Tuesday, July 3, 2012

The New Basin Canal, 1832 - 1838

Celtic Cross monument for the Irish workers

Between 1832 and 1838 thousands of Irish immigrants died in the swamps north of Old New Orleans. The Irish, who had been victims of politcal and religious persecution at the hands of the British Empire which then controlled Ireland, came to New Orleans seeking employment and a new life in a new land. Some came directly from Ireland while others came from cities up north in the USA, especially from Philadelphia.  


    When the Irish arrived in America, they discovered that prejudice and discrimination existed here too. Many Irish immigrants, most of whom were poverty-stricken and poorly educated, were greeted with signs which said: "No Irish Need Apply." This meant that no one would hire the Irish except for the hardest and worst types of manual labor.

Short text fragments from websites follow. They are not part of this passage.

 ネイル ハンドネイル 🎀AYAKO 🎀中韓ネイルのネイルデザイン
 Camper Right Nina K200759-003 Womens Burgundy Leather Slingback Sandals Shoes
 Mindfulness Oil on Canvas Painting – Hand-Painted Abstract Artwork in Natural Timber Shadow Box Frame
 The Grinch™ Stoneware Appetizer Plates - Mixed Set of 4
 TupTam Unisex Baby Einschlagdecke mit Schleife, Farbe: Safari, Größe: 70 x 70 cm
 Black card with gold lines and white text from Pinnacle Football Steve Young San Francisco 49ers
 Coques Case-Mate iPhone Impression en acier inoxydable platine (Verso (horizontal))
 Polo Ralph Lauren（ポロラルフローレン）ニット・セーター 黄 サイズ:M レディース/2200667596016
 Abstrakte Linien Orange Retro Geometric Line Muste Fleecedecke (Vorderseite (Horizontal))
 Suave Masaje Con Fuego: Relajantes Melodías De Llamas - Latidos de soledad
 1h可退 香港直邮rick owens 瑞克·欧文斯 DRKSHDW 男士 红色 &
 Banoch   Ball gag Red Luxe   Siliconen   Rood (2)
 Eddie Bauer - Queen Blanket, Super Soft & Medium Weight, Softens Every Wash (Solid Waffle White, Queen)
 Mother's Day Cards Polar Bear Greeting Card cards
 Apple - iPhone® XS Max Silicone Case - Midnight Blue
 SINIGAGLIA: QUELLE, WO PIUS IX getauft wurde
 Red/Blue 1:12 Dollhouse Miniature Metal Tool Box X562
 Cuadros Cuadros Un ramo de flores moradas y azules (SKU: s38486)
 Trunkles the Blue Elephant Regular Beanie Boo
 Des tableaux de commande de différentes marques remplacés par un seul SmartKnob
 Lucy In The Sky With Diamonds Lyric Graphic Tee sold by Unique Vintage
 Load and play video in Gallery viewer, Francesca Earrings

    When the New Orleans Canal and Banking Company planned to build a canal which went from Lake Ponchartrain to the center of the business district of New Orleans, cheap labor was needed. The canal was called the New Orleans Navigation Canal, but it was usually referred to as the New Basin Canal. This construction would increase city commerce as the lake was actually a bay open to the Gulf of Mexico through the Rigolets and Chef Pass waterways to the east. The canal would thus provide an alternate route to the city besides the Mississippi River, at least for smaller vessels.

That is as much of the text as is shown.